(Dataset records)

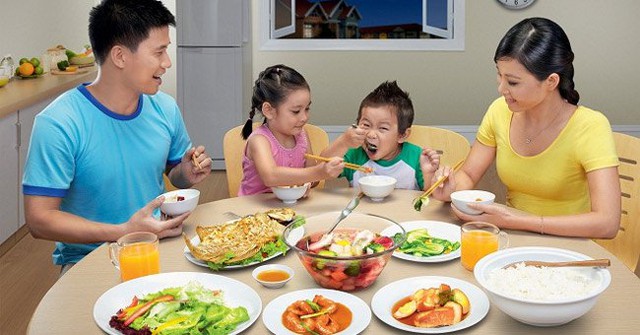 Mẹ l&agrave;m g&igrave; để c&acirc;n đối khẩu phần đạm trong bữa ăn của trẻ - Ảnh 2.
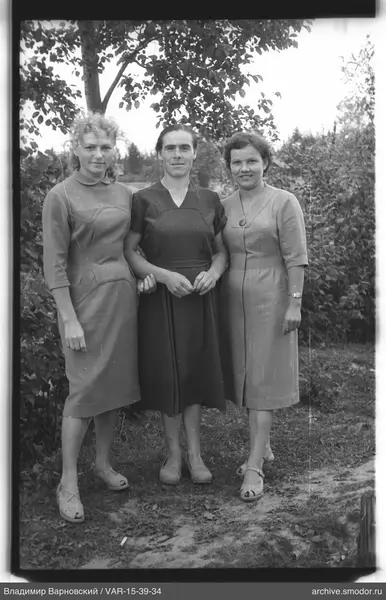 Gruppenporträt von Frauen bei einem Baum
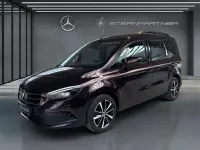 Gebraucht Mercedes T180 Progressive 116 PS (85 kW) 2024 Rubellitrot metallic Van / Kleinbus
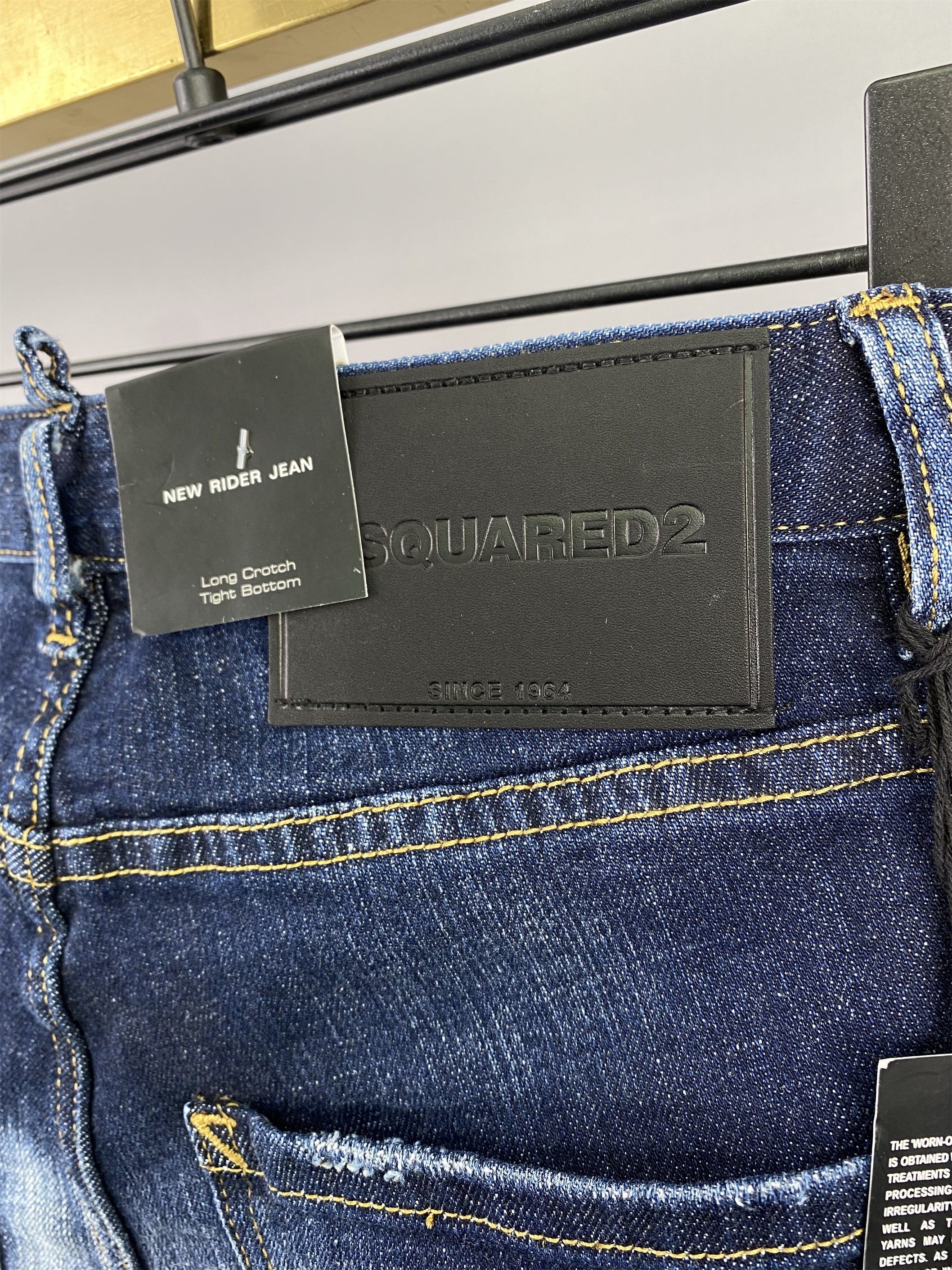D2 Jeans
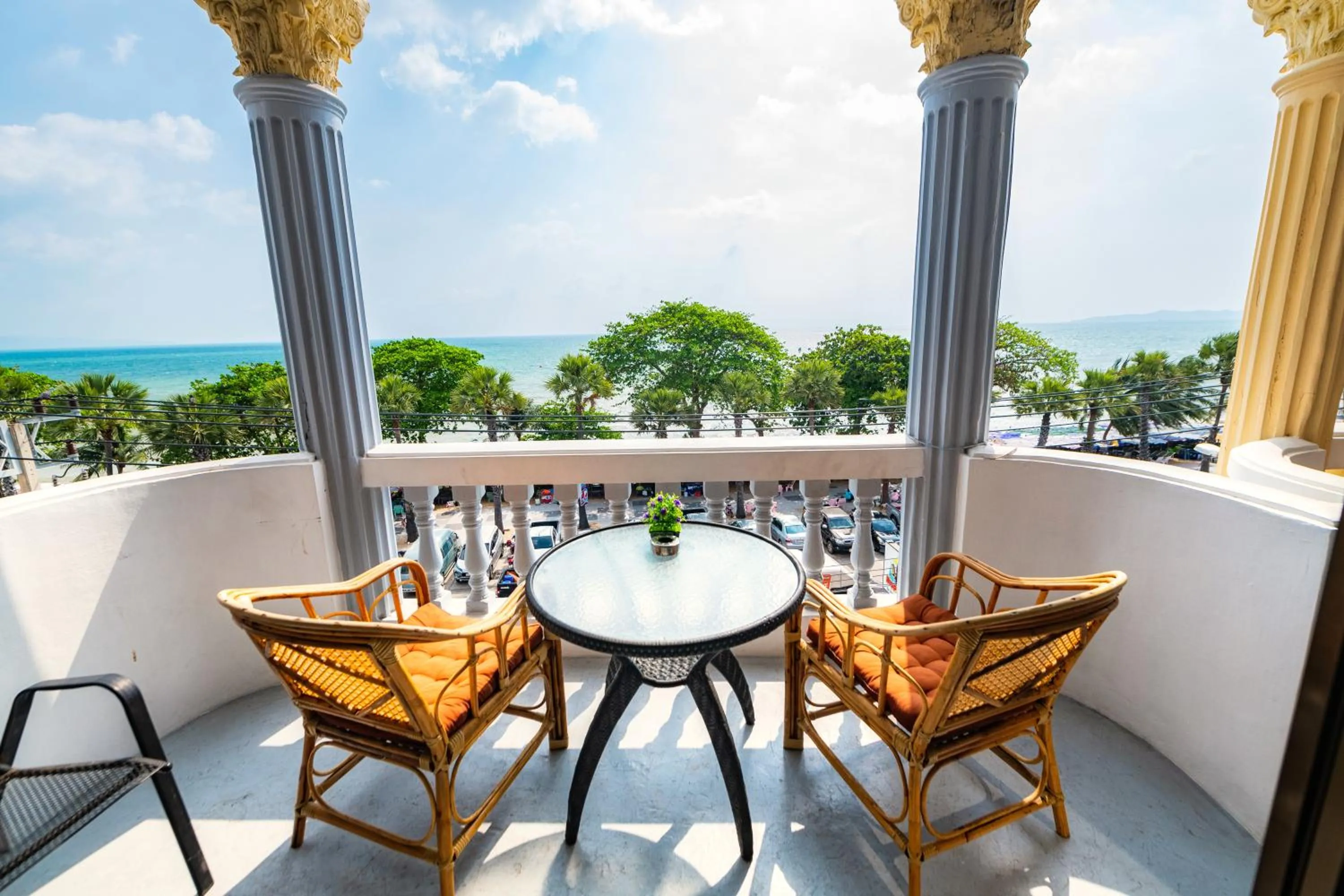 Balcony/Terrace in Happy Vikings - Beachfront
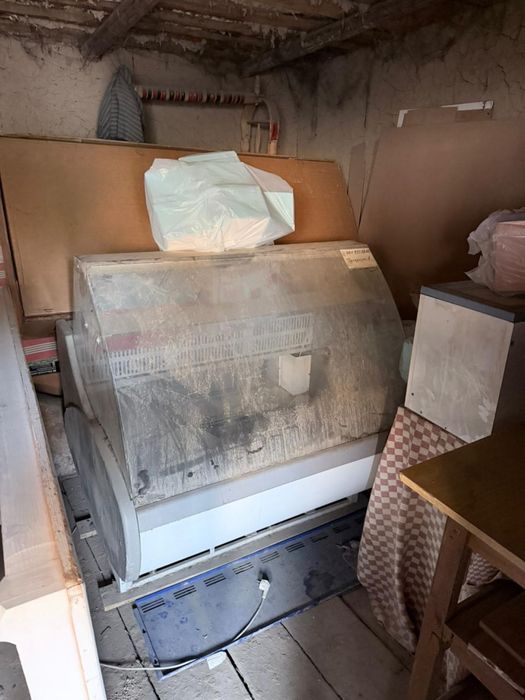 Продается холодильник для магазина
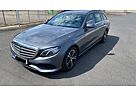 Mercedes-Benz E 220 d Autom. -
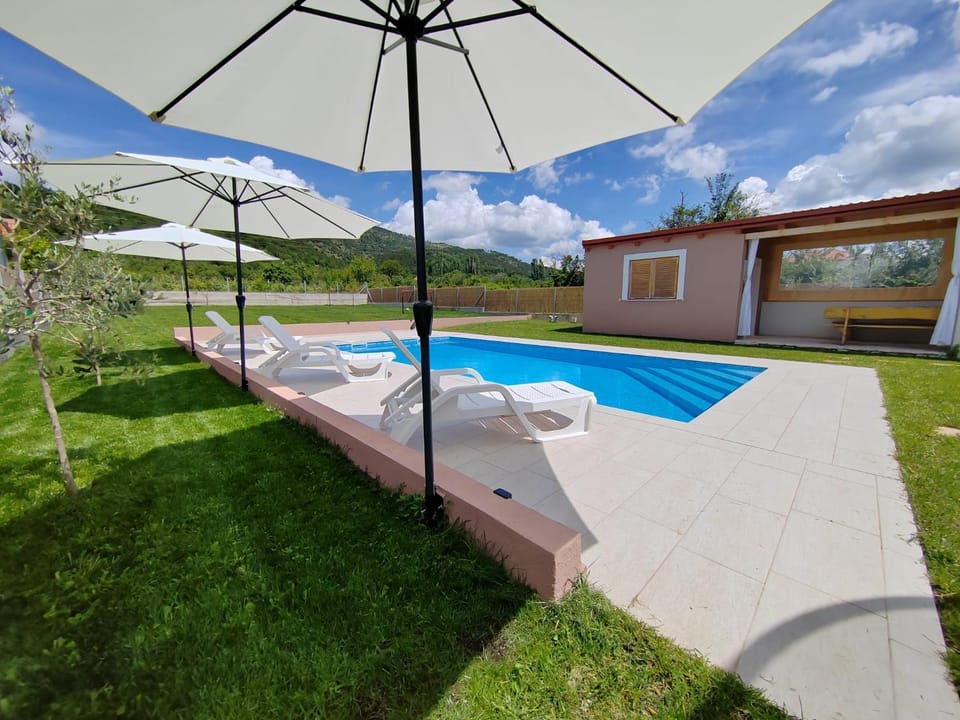 Day, Natural landscape, Garden, Balcony/Terrace, Garden view, Mountain view, Pool view, Swimming pool, sunbed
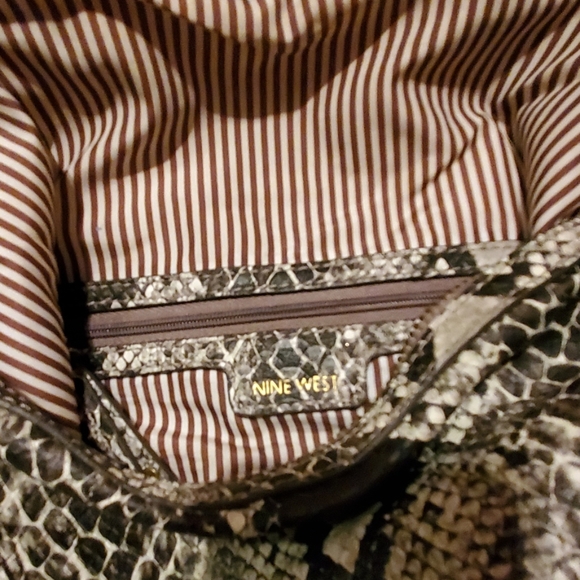 Nine west purse - Picture 2 of 3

(End Dataset records)

■ **Work request**
From the line containing "Mercedes-Benz E 220" to the final line of the entries, both included, transcribe every line exactly, omit the pictures, and add nothing more.

■ **Exercise output**
 Mercedes-Benz E 220 d Autom. -
 Day, Natural landscape, Garden, Balcony/Terrace, Garden view, Mountain view, Pool view, Swimming pool, sunbed
 Nine west purse - Picture 2 of 3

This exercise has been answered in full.